> Task directions:
Every line below is to be set down again exactly; any image stays out.

[[ Data records open ]]

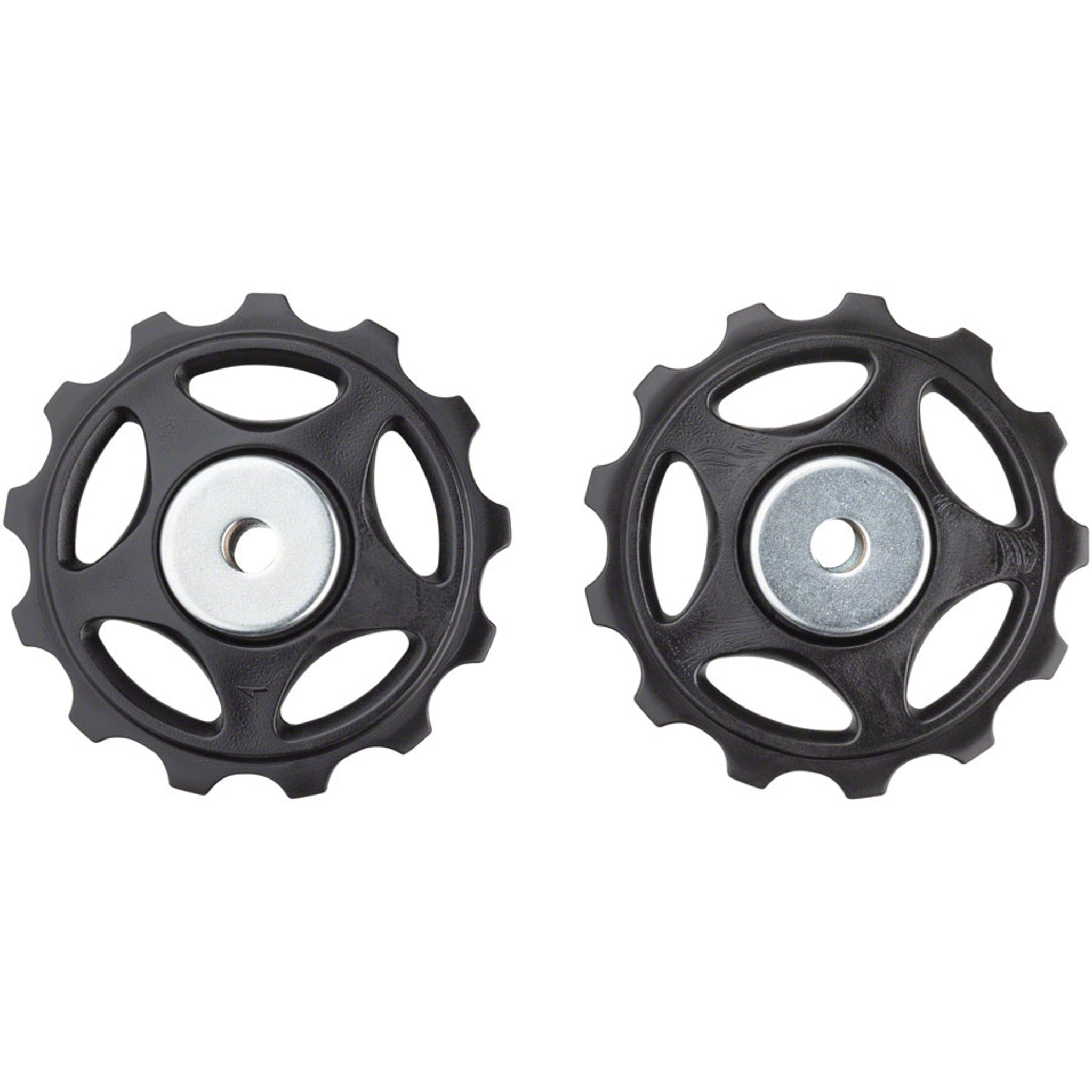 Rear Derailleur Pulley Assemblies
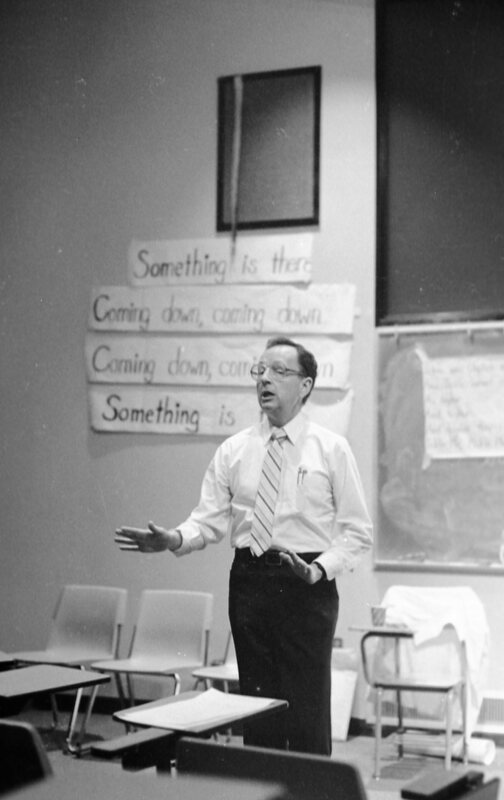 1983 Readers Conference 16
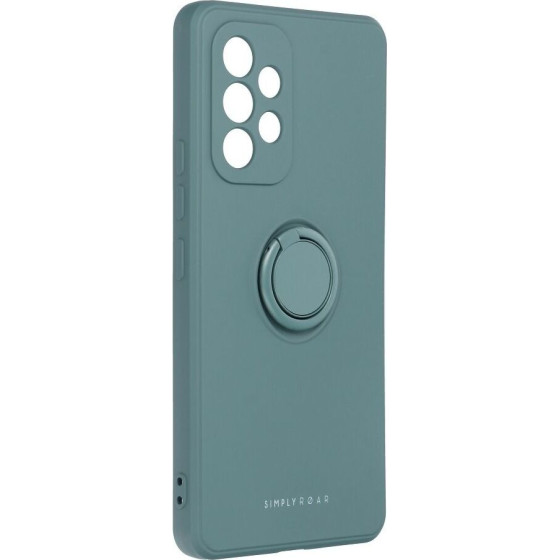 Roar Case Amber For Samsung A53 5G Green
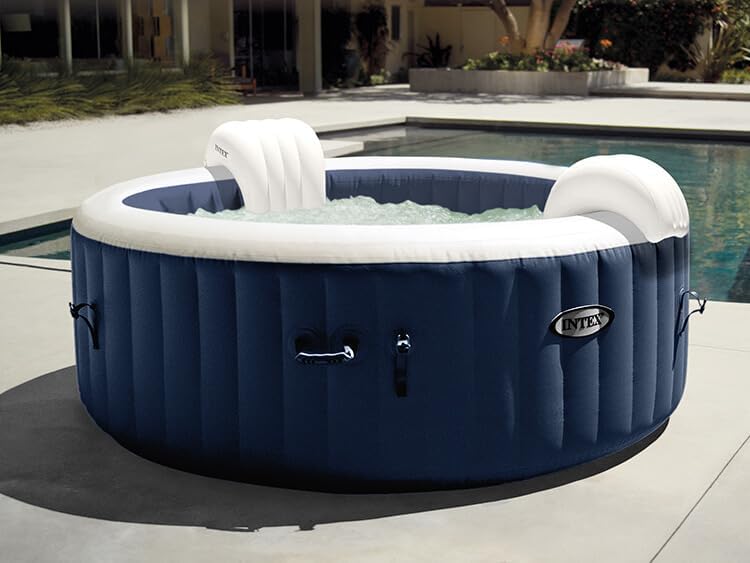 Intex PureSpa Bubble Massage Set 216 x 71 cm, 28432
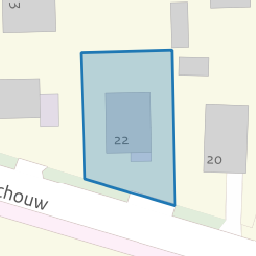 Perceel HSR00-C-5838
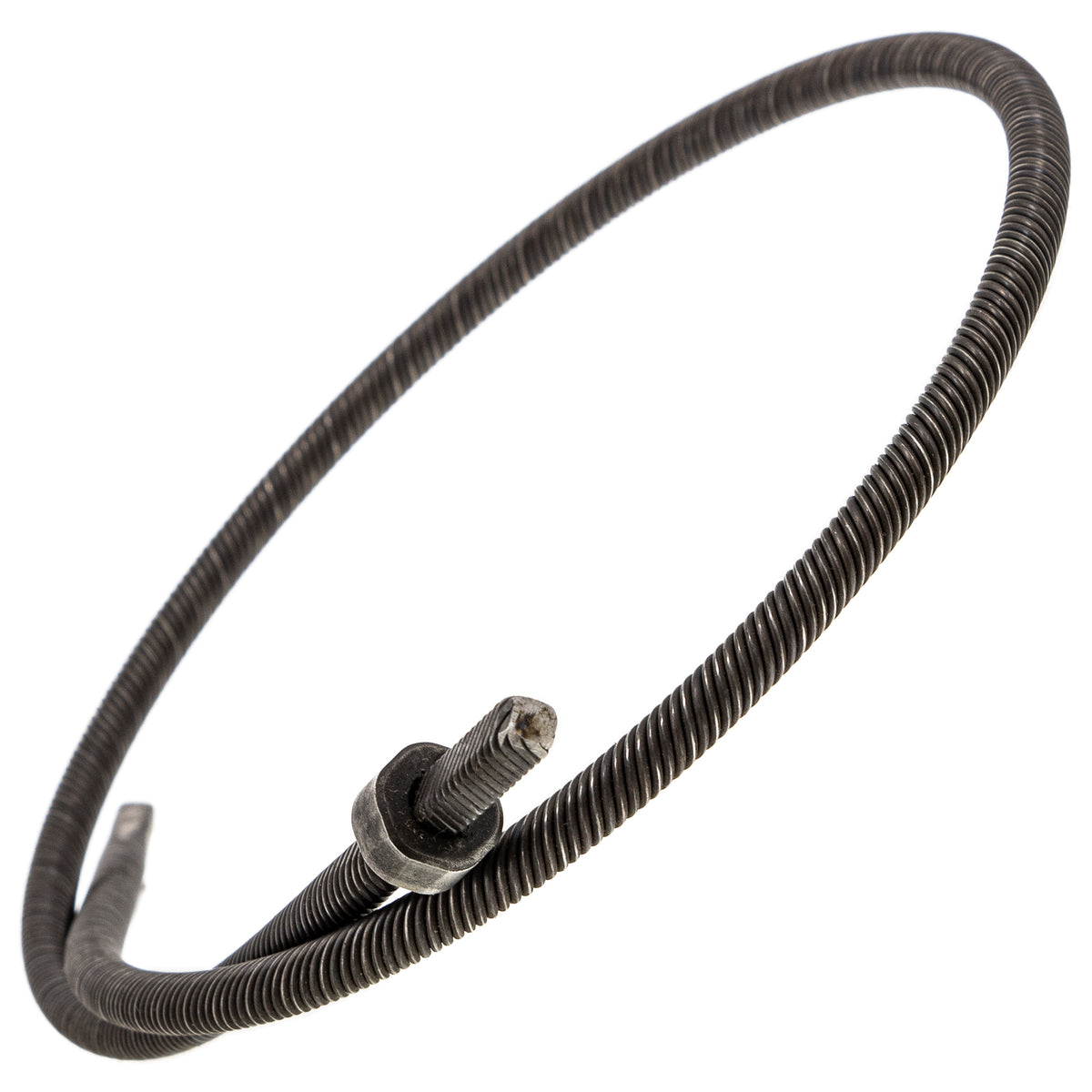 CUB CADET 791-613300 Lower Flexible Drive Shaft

[[ Data records closed ]]

> Written answer:
 Rear Derailleur Pulley Assemblies
 1983 Readers Conference 16
 Roar Case Amber For Samsung A53 5G Green
 Intex PureSpa Bubble Massage Set 216 x 71 cm, 28432
 Perceel HSR00-C-5838
 CUB CADET 791-613300 Lower Flexible Drive Shaft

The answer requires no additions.